Sunday evening. Me and my boy pal wandered sleepy and hungover, into the Tyne Theatre Opera house (which can only be described as a cross between a working men’s club and a gilded palace, fucking unreal) grab pints of morretti and settle down to people watch.
I’d been following Hollie McNish’s work for about a year now, thanks to some trusty youtube recommendations after watching Kate Tempest, and have been quietly exploding with excitement for some months since I found out she’d be performing in Newcastle promoting her latest book ‘Plum’. The way I tried to encourage boy pal was that “its poetry – but its dead good”. And it was.
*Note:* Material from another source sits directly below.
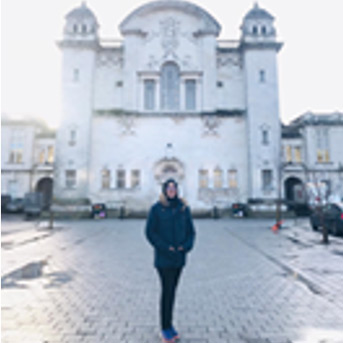 Student standing in front of a white building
Her poems, I would like to think, are for an everywoman.
Hollie McNish is an absolute, unexpected force. She came onto the stage unassuming, maybe a little shy, with a pint of water and a large glass of pink wine, in jeans and a jumper, and just starts chatting to us like we’re her mate. She is warm, and kind, and makes you feel included. And she’s funny. Really, fucking funny.
Her poems, I would like to think, are for an everywoman. You feel so included, talking to you like you’re a friend with intimate subjects of puberty, first time hand jobs, bored blow jobs, what to call your vulva, growing older and not just calling on your pals anymore. Of getting married. Of getting divorced. Of motherhood, politics and David Cameron’s penis. Hollie McNish is funny, and fresh. Her work is brilliant and sad and hilarious all at once.
My boyfriend, when we were leaving said that it was brilliant, that she was brilliant. And then later, that it was possible for him, as a male member of the audience to feel like an interloper. Like he’d snuck into a private meeting, and that some of the anecdotes and jokes weren’t for him. And that is ok.